Usually a sign that demand is weak and they are trying to get money from anyone.!
May tank on the first day.


----------



## springhill (5 October 2012)

notting said:


> Usually a sign that demand is weak and they are trying to get money from anyone.!
> May tank on the first day.




Not according to Clark Dudley, originally the float wasn't travelling too well, as soon as Sirius exploded demand for the BOA float went through the roof.
What is SIR's price at now? Last price I saw was $2.77.
With land next door would be mightily suprised if it tanked.


----------



## notting (5 October 2012)

Oh that's good.
So why would you get your full allocation plus bonus if there is sooo much demand?


----------



## springhill (5 October 2012)

notting said:


> Oh that's good.
> So why would you get your full alocation plus bonus if there is sooo much demand?

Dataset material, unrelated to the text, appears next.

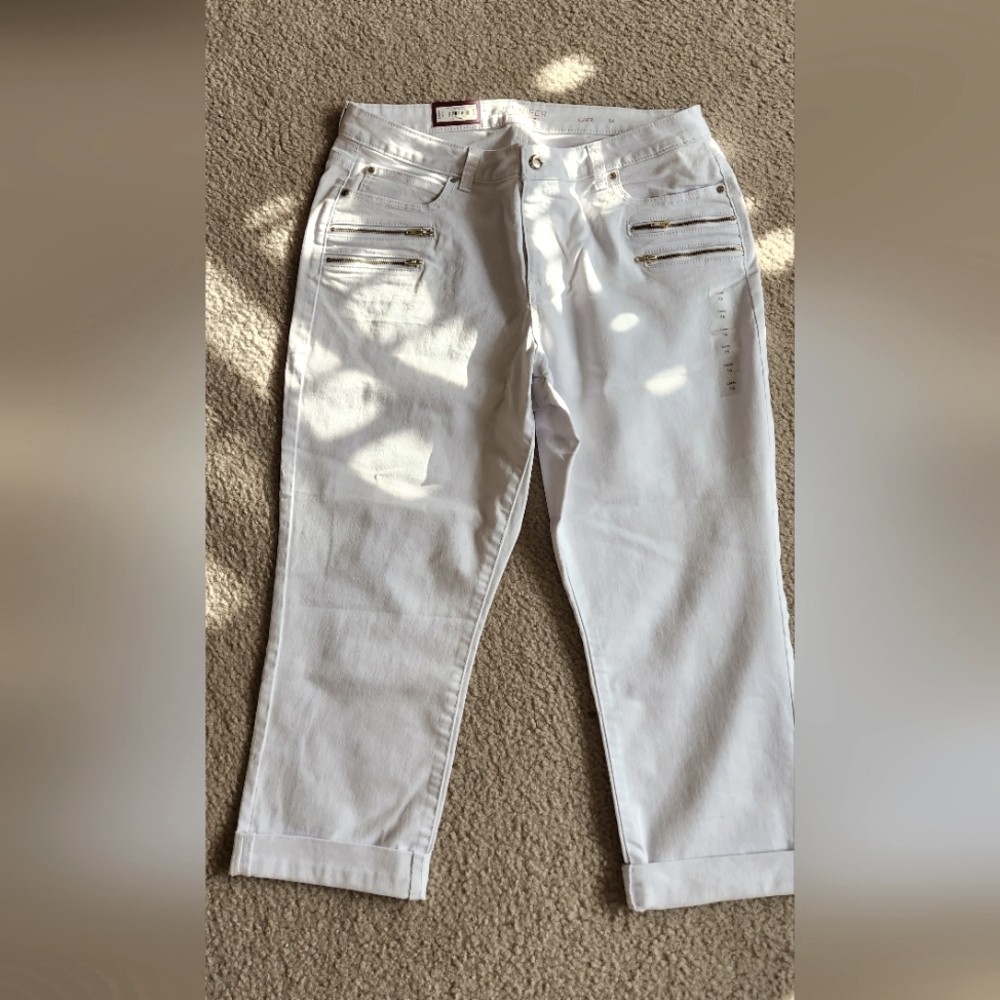 NWT Jennifer Lopez White Capri Jeans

I will leave that to your imagination.

Maybe i've been dudded, time will tell.


----------



## notting (5 October 2012)

Just bothered to read your first post and the fact that there was a 10,000 limit is good.
I thought it might be open ended.
However, it doesn't sound like the second million (offered if oversubscribed) was fully filled.  
If not then maybe not so good under the exciting circumstances.


----------



## springhill (5 October 2012)

notting said:


> Just bothered to read your first post and the fact that there was a 10,000 limit is good.
> I thought it might be open ended.
> However, it doesn't sound like the second million (offered if oversubscribed) was fully filled.
> If not then maybe not so good under the exciting circumstances.




Well argued. 

I was told aeromags suggest that SIR's orebody continue into BOA's land. This is, of course, only hearsay at the moment.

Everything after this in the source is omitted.